Not long thereafter, Bauer legally married a Danish kindergarten teacher named Anna Maria Petersen and fled secretly via fishing boat to Sweden to wait out the rest of the war. 

The end of WWII by no means meant the end of Nazi influence, however. Fascist ideology still permeated both international politics and local, civilian post-war life. German nationalists continued to support Nazi players even in light of their defeat. Bauer returned home to West Germany in 1949 to finally resume his service as a judge but found a traumatic landscape where men who’d committed genocide against his community were rewarded with positions of ongoing power and influence.
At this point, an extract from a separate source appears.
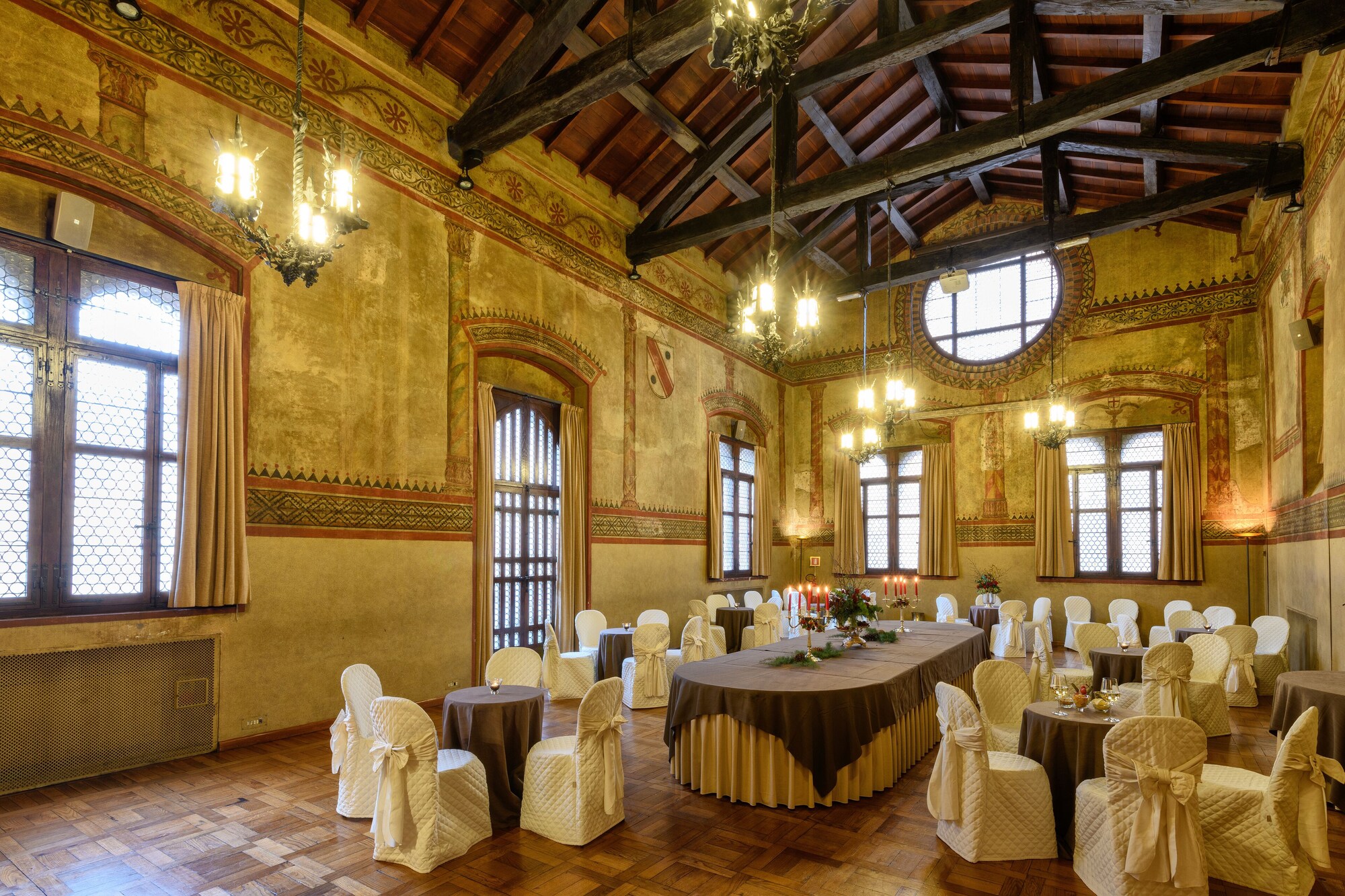 Hotel 4 stelle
Through diligent work, Bauer nonetheless climbed the ranks of the district courts and was appointed state prosecutor in Frankfurt in 1956. 

Bauer’s very rare combination of tangible judicial power and personal camaraderie with other concentration camp survivors put him in the position to actually do something about Nazis living karma-free internationally, though he was forced to hide his Jewish identity, homosexuality, and Holocaust-survivor status in order to get anything done. To this day, biographies of his life tend to downplay or completely erase his homosexuality.
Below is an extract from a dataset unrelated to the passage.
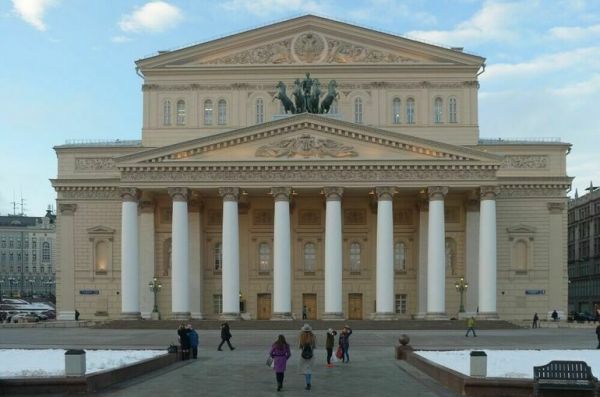 Культурным проектам предлагают назначить &laquo;присяжных&raquo;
Bauer’s long-game tactics took down one of the major coordinators of the genocide, Otto Adolf Eichman. Eichman literally helped arrange and manage the deportation of Jews into extermination camps. Eichmann was captured in 1945 by the US military but soon escaped to a sedate life in Argentina with the help of a Catholic bishop. Eichmann, like many other Nazi fugitives at the time, made little effort to hide himself or his history — part of the reason he was recaptured was his own son, Klaus, bragging to women about daddy being a Nazi and murderer. 
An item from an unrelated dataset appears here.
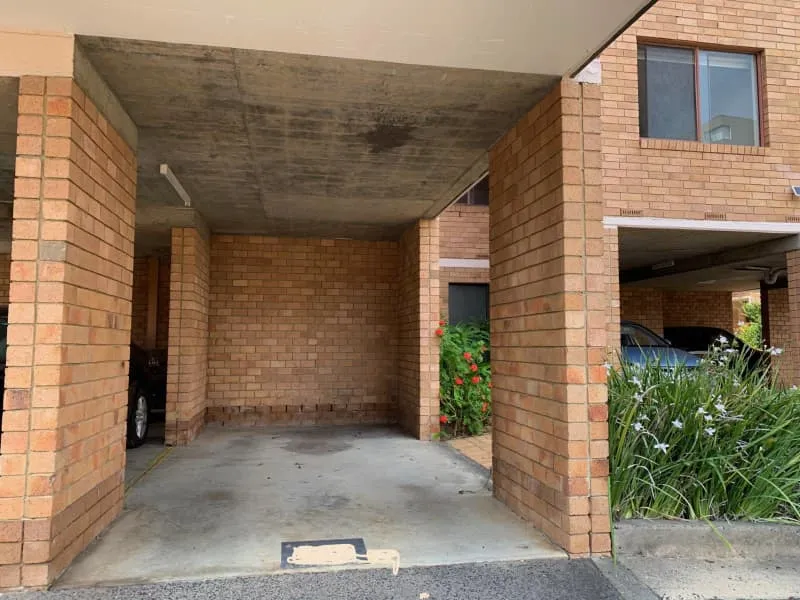 Car Park For Rent, 5-min Walk To Macquarie Uni/train Station/centre Macquarie Park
The rest of the reason was the patience of Bauer, who knew Nazi sympathizers in the West German judicial system would only protect Eichmann by tipping him off, or worse, helping move him with German money. 

So Bauer committed light treason. 

In violation of German law, Bauer bypassed his country’s intelligence entirely, reaching out directly to Israeli Mossad director Isser Harel with Eichmann’s exact location, a recent photo, and details on the family’s braggadocio. Israeli officials worked with Bauer’s tipsters to get Eichmann forcefully extradited for trial from Argentina to Israel — a place where compromised German officials, who initially tried to get Bauer in trouble instead of assisting with the prosecution of a Nazi, couldn’t interfere with justice. 

Eichmann was ultimately found guilty and executed for his participation in the mass extermination of millions of civilians. Back home, Bauer was accused of “fouling his own nest” and received death threats. 

Undeterred, Bauer pushed this victory further by certifying a class-action lawsuit now recognized as the Frankfurt Auschwitz Trials. Over the course of several years, the case brought formal charges against 22 members of the SS —the tiniest fraction of the estimated 7000+ Nazi-affiliated individuals believed to assist in running the death camps. 

Though deemed a “failure” by Bauer himself, the trials were pivotal in alerting the world to the secretive, but at that point still broadly covered-up, machinations of the SS. The testimony of the 22 defendants and 800+ sources interviewed across a half-decade of pretrial research became the backbone of our global understanding of what unchecked fascist rule truly looks like. They are preserved in UNESCO’s Memory of the World archives. 

When not trailing and convicting Nazis, Bauer quietly attempted to move the dial of progress by advocating for the decriminalization of homosexuality in the German penal code. In the 1950s and 60s, it was an outright crime to simply identify as gay or queer, with additional charges for participating in same-sex activities.

Bauer was found dead in his own bathtub in 1968 at the age of 64 in what was deemed “suspicious circumstances.” A coroner’s report asserted that Bauer had accidentally died of a combination of sleeping pills and alcohol — not impossible for a man in the highest stress position imaginable. But colleagues at his Humanist Union and in the larger social justice community wondered if, given the years of death threats, Bauer had not perhaps been killed by people who had already proven themselves to be murderers.